Revelation 13:5 specifies a time period of persecution that we talked about in yesterday’s study. The 42 months of the beast’s activities is the same time period as the 1,260 days/years of the persecution of the woman/church in Revelation 12:6, 14. (A prophetic day symbolizes a year [Numbers 14:34, Ezekiel 4:6]. See Tuesday’s study in Lesson 7). The year A.D. 538 marks appropriately the beginning of this prophetic period when the Roman church, with the pope as its head, established itself as a church-state power that dominated the Western world throughout medieval times. The events of the French Revolution inflicted the deadly wound upon the beast in A.D. 1798, thus bringing the church’s oppressive rule and the state-empowered religion to a temporary end.

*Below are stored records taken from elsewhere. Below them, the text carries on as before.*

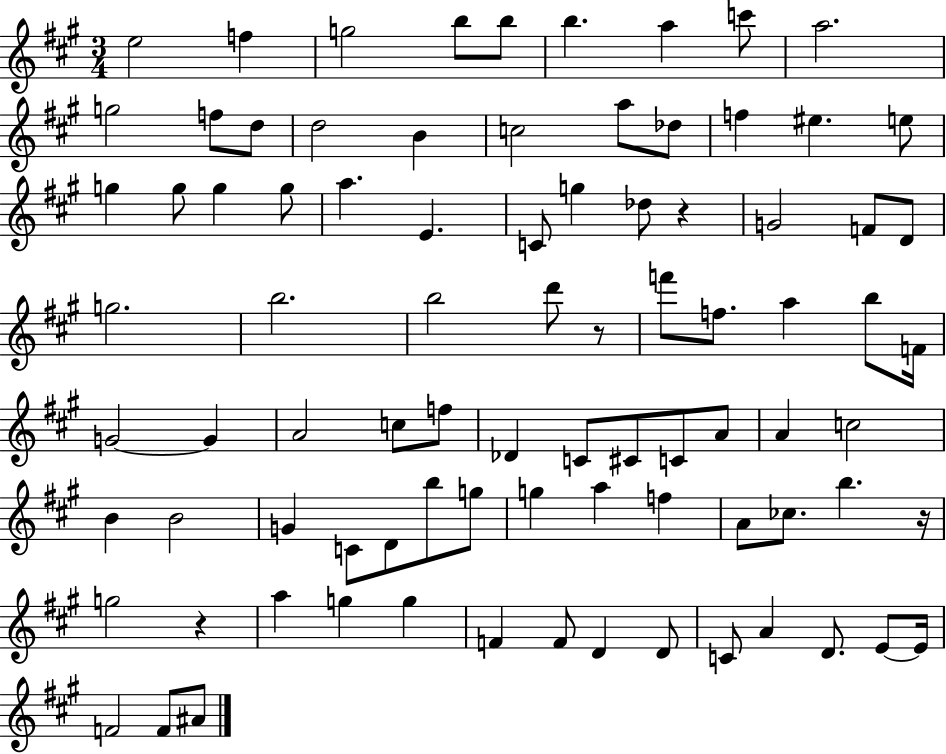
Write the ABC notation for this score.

X:1
T:Untitled
M:3/4
L:1/4
K:A
e2 f g2 b/2 b/2 b a c'/2 a2 g2 f/2 d/2 d2 B c2 a/2 _d/2 f ^e e/2 g g/2 g g/2 a E C/2 g _d/2 z G2 F/2 D/2 g2 b2 b2 d'/2 z/2 f'/2 f/2 a b/2 F/4 G2 G A2 c/2 f/2 _D C/2 ^C/2 C/2 A/2 A c2 B B2 G C/2 D/2 b/2 g/2 g a f A/2 _c/2 b z/4 g2 z a g g F F/2 D D/2 C/2 A D/2 E/2 E/4 F2 F/2 ^A/2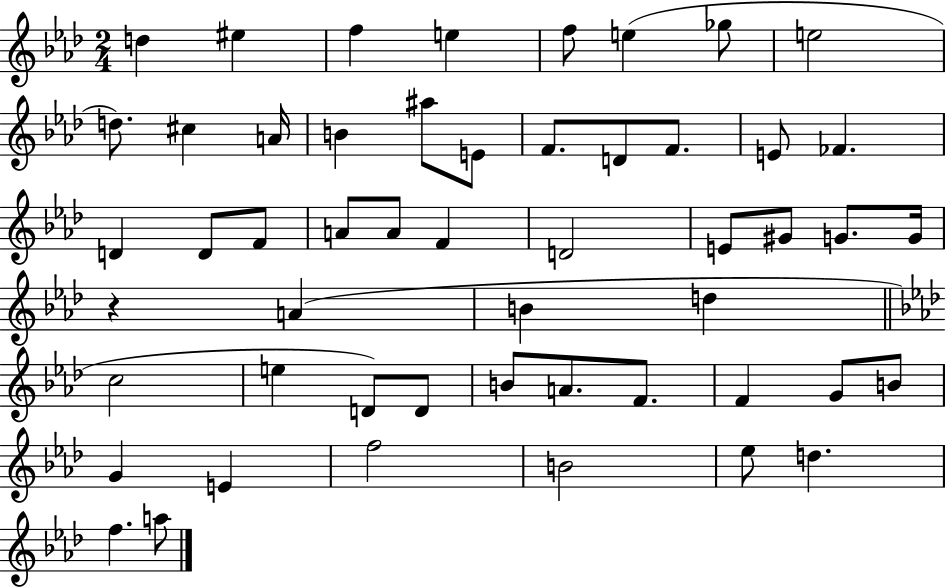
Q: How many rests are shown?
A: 1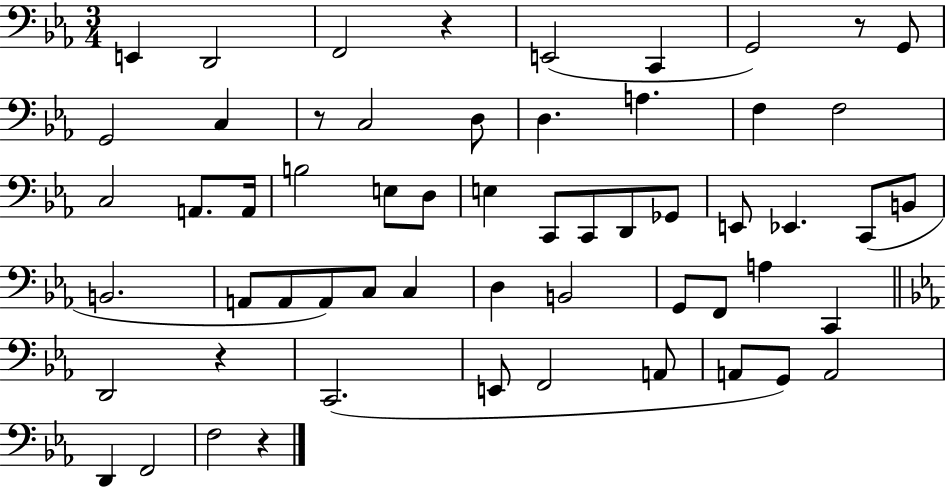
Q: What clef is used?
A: bass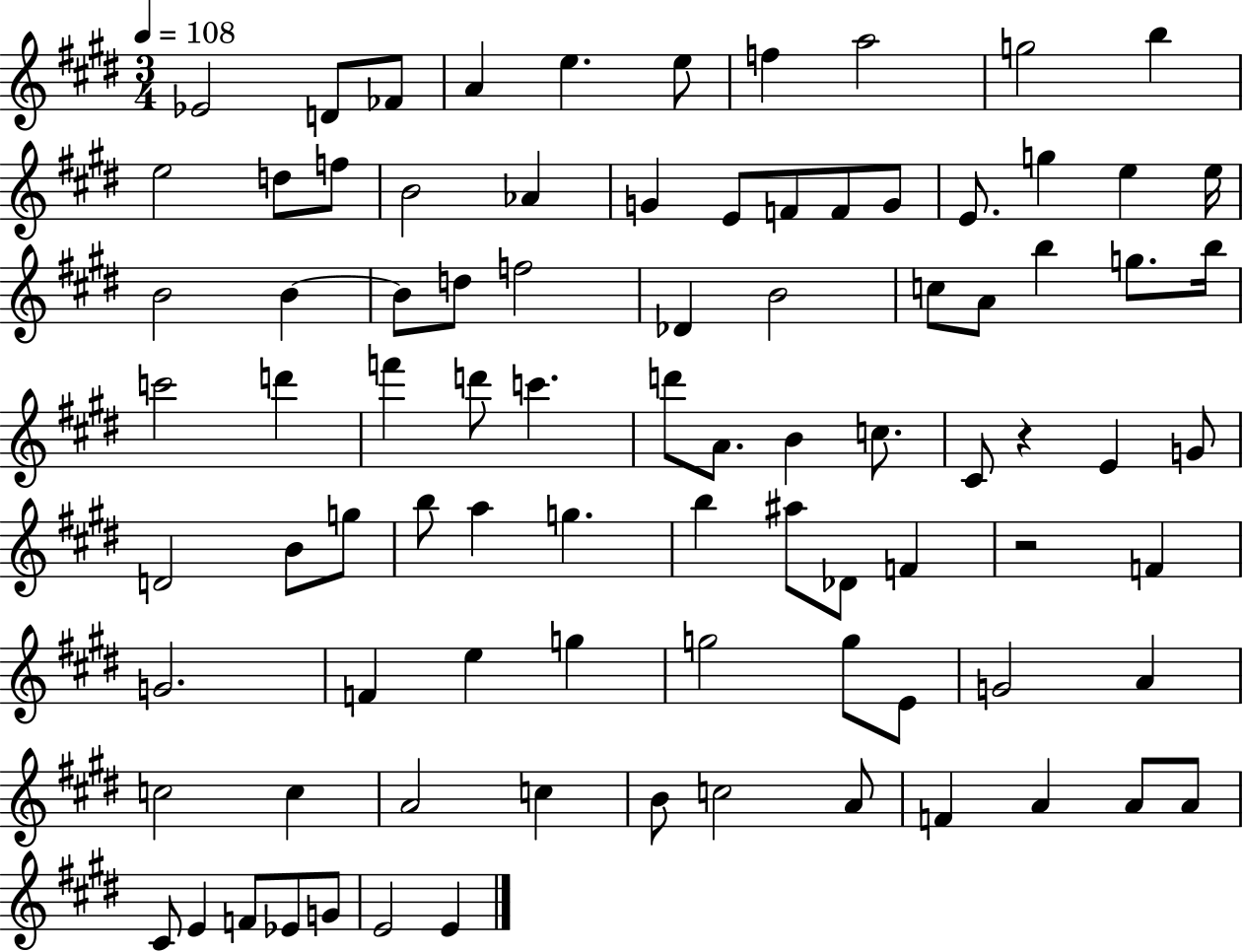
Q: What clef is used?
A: treble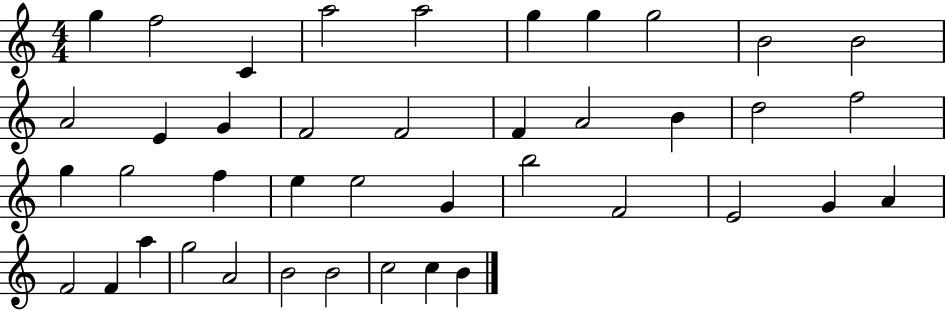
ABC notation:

X:1
T:Untitled
M:4/4
L:1/4
K:C
g f2 C a2 a2 g g g2 B2 B2 A2 E G F2 F2 F A2 B d2 f2 g g2 f e e2 G b2 F2 E2 G A F2 F a g2 A2 B2 B2 c2 c B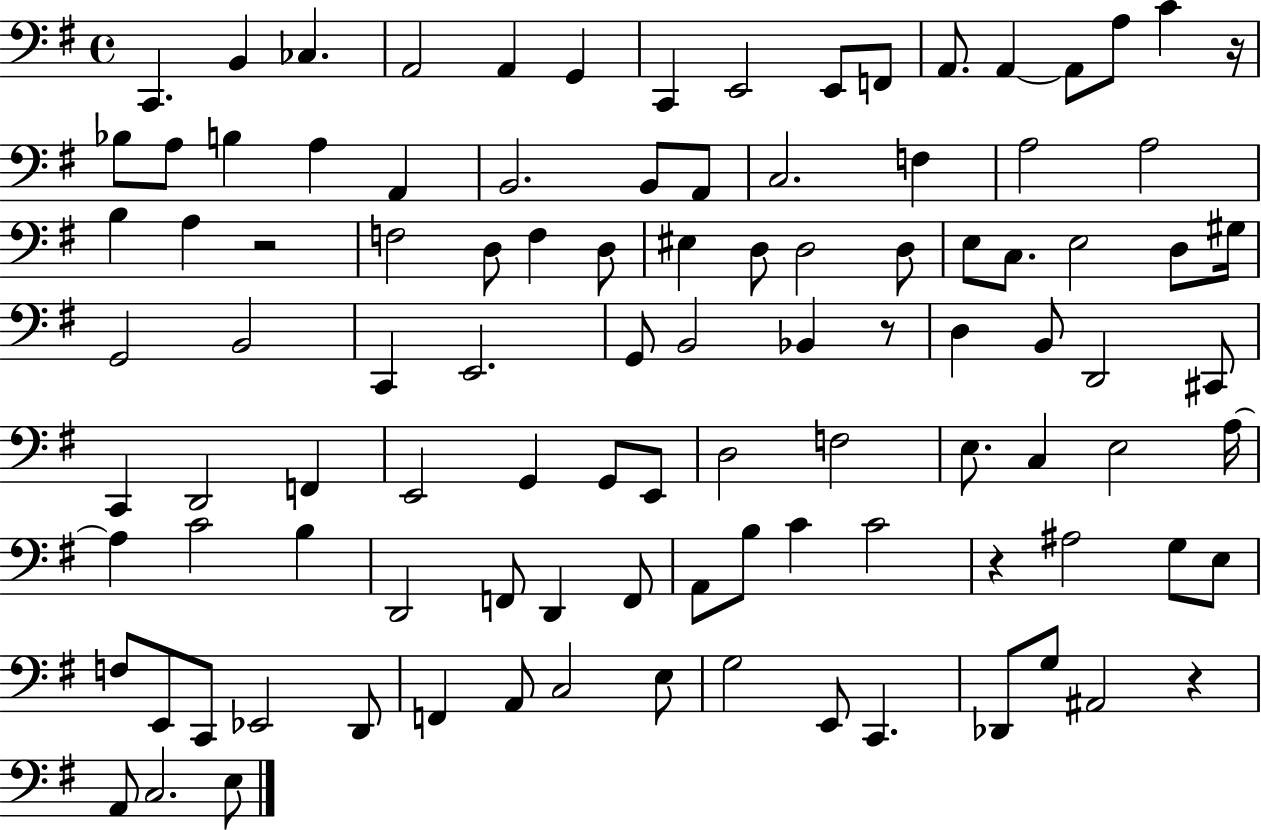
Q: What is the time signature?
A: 4/4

Compare Revelation 13:5-8 with Daniel 7:24-25 and 2 Thessalonians 2:2-12. In what way do the activities of the sea beast mirror the descriptions of the little horn and the man of lawlessness?

The sea beast’s activities during the prophetic 1,260 days/years are stated in terms of blasphemies. In the New Testament, blasphemy can denote a claim of equality with God (John 10:33, Matthew 26:63-65) and the action of usurping His authority (Mark 2:7). The sea beast’s blasphemies are directed “against God, to blaspheme His name, His tabernacle, and those who dwell in heaven” (Revelation 13:6, NKJV). The dwelling of God is the sanctuary in heaven, where Christ ministers on behalf of our salvation. The sea beast seeks to negate Christ’s mediatorial work by attempting to replace it with a human priesthood that claims to administer salvation and the forgiveness of sins. Assuming these powers that belong only to God is the essence of blasphemy.

Revelation 13 points to a time of major apostasy in Christianity, which was fulfilled when Roman Catholicism claimed the position and authority of God with the pope as its head. Those who refused submission to Rome experienced persecution and martyrdom. Although today such statements are viewed as harsh, even bigoted, the present cannot erase the history, no matter how much some people wish that it would.

How can we stay faithful to prophecy about church history and yet, at the same time, be kind and cautious as we present these truths to others?